Restyle the captions — swaps the caption look without retranscribing: TikTok Bold, Minimal Clean, Boxed Contrast, Editorial Highlight, Neon Pop, or Documentary Lower. See /docs/agent/caption-skins.
Add an opening hook — inserts a styled hook text overlay at the start (3 seconds by default; bold, boxed, or minimal looks). The best hooks quote your own transcript rather than stock phrases.
Add a title or text — a styled text overlay: font, size, weight, color, alignment, position, and an optional background box.
Add a shape — a graphic overlay: rectangle, ellipse, triangle, star, heart, arrow, line, speech bubble, progress bar, and more.
Add an animated overlay card — a transparent-background animated graphic: 11 lower-third designs (like Clean Bar), data callouts and stat count-ups, charts, code cards, X Post receipts, follow CTAs, a news ticker, and an outro card — plus fully custom cards the agent can design from scratch (self-contained, animated with CSS only).
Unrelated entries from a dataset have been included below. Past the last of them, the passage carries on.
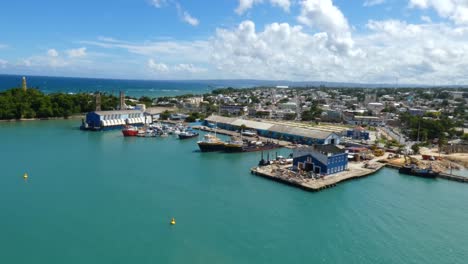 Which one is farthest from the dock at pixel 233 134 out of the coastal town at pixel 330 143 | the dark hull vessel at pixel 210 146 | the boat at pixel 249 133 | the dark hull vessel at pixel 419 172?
the dark hull vessel at pixel 419 172

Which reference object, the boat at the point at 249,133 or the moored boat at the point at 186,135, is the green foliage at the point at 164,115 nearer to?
the moored boat at the point at 186,135

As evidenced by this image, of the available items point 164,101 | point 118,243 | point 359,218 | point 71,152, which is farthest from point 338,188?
point 164,101

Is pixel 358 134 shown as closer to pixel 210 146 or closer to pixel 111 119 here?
pixel 210 146

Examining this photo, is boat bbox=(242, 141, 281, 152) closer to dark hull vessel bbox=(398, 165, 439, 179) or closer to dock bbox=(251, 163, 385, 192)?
dock bbox=(251, 163, 385, 192)

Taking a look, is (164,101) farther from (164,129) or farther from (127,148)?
(127,148)

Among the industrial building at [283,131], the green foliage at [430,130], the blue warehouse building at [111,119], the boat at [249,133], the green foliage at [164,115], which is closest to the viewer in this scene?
the industrial building at [283,131]

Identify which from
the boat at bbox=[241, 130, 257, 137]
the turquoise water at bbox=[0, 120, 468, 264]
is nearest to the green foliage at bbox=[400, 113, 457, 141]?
the turquoise water at bbox=[0, 120, 468, 264] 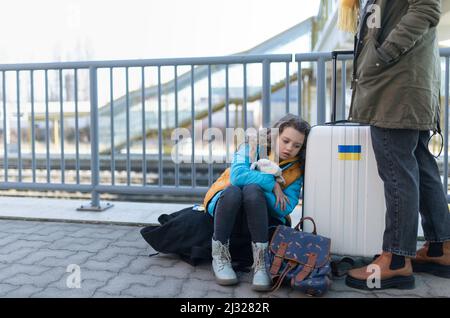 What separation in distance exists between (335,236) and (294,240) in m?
0.32

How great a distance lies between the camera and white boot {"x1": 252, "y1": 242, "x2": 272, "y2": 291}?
2023 millimetres

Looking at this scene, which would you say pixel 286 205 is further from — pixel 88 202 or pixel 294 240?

See /docs/editing/animated-overlay-cards.
Balance the audio mix — a creator-style mix of the audio already on your timeline: voice at 0 dB, music beds at −18 dB, sound effects at −8 dB, quarter-second fades, and it can mute embedded camera audio when a separate voice track exists. It mixes what's there — it doesn't fetch music. See /docs/agent/sound-design.

Check the work

Run pass/fail checks — read-only. Simple checks against the project: is the video under a target length, does it have captions, does it have media, is the canvas portrait, is the timeline non-empty.
Get a critique — read-only. A quality review of the edit — content, canvas, captions, hook, overlay mistakes, duration, and transcript repetition — through the lens you pick: social (the default), podcast, UGC ad, product demo, story, or music.
Have AI watch the edit — read-only. Renders the current cut and has AI watch it like an editor would: readability, pacing dead spots, audio problems, the hook, and a ship/no-ship verdict with concrete fixes. Reviews work for cuts up to 2 minutes; longer timelines are skipped.

The agent runs these on its own before finishing — and a quality gate sends it back to fix things if its latest check failed. See /docs/agent/quality-checks.